SQL Server 2008 XML Indexing

Here are some notes on "SQL Server 2008 XML Indexing" I took while attending an advanced class on SQL Server taught by Adam Machanic (https://sqlblog.com/blogs/adam_machanic/default.aspx).

Please note that, although these notes were taken during the class, I might have added some of my own (mis)interpretation :-). Always check your facts on Books Online (I try to provide links when applicable). As with anything else you get from a blog, never use any of this in production before you thoroughly validate it a test environment. Please keep in mind that some of those will be hard to follow without the right pre-requisite knowledge and the right context. Reading the post from top to bottom will help.


XML Indexing

  • Engine needs to XML in order to process it
  • Solution: XML Indexes – pre-parsed representation of XML data
  • Include tages, values, path from the XML instance, turned into a hidden table
  • You can actually see the table if connected via admin connection
  • XML indexes almost always speed up XML queries, but they do come at a cost
  • Use typed XML as much as you can. Optimizer will like it.
  • See https://msdn.microsoft.com/en-us/library/ms191497.aspx

XML Indexing - Details

  • Types: Primary (base) and Secondary (PATH, VALUE, PROPERTY – Non-clustered on the primary)
  • Storage: Increases XML storage cost.
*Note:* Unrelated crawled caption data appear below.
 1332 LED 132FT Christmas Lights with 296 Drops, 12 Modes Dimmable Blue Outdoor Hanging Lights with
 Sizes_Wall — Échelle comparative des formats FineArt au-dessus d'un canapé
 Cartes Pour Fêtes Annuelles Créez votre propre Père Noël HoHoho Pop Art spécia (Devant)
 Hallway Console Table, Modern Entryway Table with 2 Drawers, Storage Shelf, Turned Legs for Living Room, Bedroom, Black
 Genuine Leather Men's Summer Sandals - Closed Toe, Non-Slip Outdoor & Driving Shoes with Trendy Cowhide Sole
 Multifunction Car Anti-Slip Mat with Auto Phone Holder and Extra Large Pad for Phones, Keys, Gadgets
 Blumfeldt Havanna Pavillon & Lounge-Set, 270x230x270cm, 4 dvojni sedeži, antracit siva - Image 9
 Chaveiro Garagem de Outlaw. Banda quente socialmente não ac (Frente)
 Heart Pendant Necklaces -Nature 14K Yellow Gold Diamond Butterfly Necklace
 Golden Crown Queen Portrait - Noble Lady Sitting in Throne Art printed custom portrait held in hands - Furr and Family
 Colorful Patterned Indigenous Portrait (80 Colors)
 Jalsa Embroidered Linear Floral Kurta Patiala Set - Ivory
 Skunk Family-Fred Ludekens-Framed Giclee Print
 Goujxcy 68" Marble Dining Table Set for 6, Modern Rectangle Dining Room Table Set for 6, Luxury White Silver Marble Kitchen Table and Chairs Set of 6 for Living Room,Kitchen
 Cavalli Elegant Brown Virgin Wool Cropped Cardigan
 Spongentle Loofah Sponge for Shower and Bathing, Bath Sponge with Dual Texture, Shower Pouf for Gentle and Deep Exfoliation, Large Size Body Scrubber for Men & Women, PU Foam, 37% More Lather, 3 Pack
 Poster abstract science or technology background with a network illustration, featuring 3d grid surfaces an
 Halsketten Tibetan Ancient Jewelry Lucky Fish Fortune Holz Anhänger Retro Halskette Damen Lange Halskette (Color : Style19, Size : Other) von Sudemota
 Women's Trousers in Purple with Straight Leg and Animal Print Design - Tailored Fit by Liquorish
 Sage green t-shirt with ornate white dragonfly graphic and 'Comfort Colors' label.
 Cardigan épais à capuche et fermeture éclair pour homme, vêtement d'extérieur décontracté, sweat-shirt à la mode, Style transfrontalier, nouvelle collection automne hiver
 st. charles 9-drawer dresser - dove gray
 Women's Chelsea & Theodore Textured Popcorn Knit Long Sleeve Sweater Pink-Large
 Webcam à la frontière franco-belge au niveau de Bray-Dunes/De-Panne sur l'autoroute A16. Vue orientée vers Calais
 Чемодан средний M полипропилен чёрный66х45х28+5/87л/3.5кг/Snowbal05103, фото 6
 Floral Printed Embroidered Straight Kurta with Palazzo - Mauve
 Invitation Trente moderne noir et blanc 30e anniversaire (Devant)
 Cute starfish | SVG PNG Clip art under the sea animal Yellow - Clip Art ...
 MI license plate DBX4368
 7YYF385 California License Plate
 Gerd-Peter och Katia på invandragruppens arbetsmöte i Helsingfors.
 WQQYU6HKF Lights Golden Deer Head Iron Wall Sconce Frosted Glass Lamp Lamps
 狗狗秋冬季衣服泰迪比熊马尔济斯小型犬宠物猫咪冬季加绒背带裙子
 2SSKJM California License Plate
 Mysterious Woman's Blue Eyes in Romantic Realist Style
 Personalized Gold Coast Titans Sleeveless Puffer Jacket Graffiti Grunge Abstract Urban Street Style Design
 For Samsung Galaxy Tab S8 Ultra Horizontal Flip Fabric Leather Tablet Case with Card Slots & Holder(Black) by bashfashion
Estimate as 3 times the storage requirement of XML instance in base table.
  • To create the primary XML index, table must have a clustered primary key
  • Stored in the same FG/partition as the base table
  • Primary XML index includes column for ordpath, to keep track of hierarchy
  • Ordpath also used in SQL Server 2008 for HierachyID data type
  • Primary index has 11 columns, including id, nid (node), hid (hierarchy), value, lvalue, PK[n]
  • See https://msdn.microsoft.com/en-us/library/bb500237.aspx

XML Indexing – Demo

  • Create XML Schema, Create Table with XML column
  • Gathering data for products, turning into some nice XML
  • Put XML data into a table (no index)
  • Query WHERE X.Exist (‘//Name[.=”Adjustable Race”’), look at the plan
  • Create an index, run the query again, look at the plan again
  • Look at sys.xml_indexes

XML Indexing – Secondary Indexes

  • Path index – (‘/a/b[.=”abc”]) - Good for path queries (index on hid, value)
  • Value index – (‘//b[.=”abc”]) - Optimized to find the value and we don’t know the path (index on value, hid)
  • Property index – .value(‘/a[1]/b[1]’)='abc' - Optimized for name-value pair storage (index on PK[n], hid, value)
  • See https://msdn.microsoft.com/en-us/library/bb522562.aspx

XML FullText Searching

  • XPath and XQuery expressions – case insensitive
  • FTS will index element values only – tags and attributes will be ignored
  • FTS can do initial filter, then more exact XML methods

Shred vs. Store Decision

  • Performance considerations – relational query is faster, shredding and re-combining is slow
  • Data Structure considerations – XML is extremely flexible, but loosely structured
  • Data lifecycle considerations – if you input and output XML, don’t shred
  • Storing as XML data type – XML data type will check, strip, eliminate extra spaces.
  • Storing as [N]VARCHAR(MAX) – If you care about white space or never do any XML operations
  • There are cases where you need to store both
  • Schema binding – Typed XML will be validated, schema will improve XML query performance
  • Schema binding – Uses more space, no wildcard-based queries, schema migration can be difficult
  • You can add relational constraints on top of those expressed as XSD

Where to put the XML

  • Need a clustering key in the table
  • Consider using a separate table if you can’t have a clustering key
  • Consider using in-row XML column if smaller than 8,000 bytes
  • You can “promote a property” to a relational column for better indexing and relational querying using UDF

Markup choice

  • Element-centric - <a><b>val</b></a>
  • - Element values considered to be content
  • - Verbose, more human readable. Maybe yield simpler qiery plans
  • Attribute-centric - <a b=”val”/>
  • - Lower storage requirements

Queries

  • Context node is a dot (.) - X.Exist(‘/a/b[@attr=”abc”]’)=1 not same as X.Exist(‘/a/b[.@attr=”abc”]’)=1
  • Avoid wildcars – Node level - X.Exist(‘//b[@attr=”abc”]’)=1 – Attribute level - X.Exist(‘/a/b/@*[.=”abc”]’)=1
  • Singletons – /a/b - /a[1]/b[1] – (/a/b)[1]
  • Outer Data binding
  • Merging Value Executions
  • Favor Exist() over Value()

Shredding

  • OPENXML – backward compatible, will be deprecated. Always use sp_xml_removedocument
  • Nodes() – newer, current, faster (test both to be sure).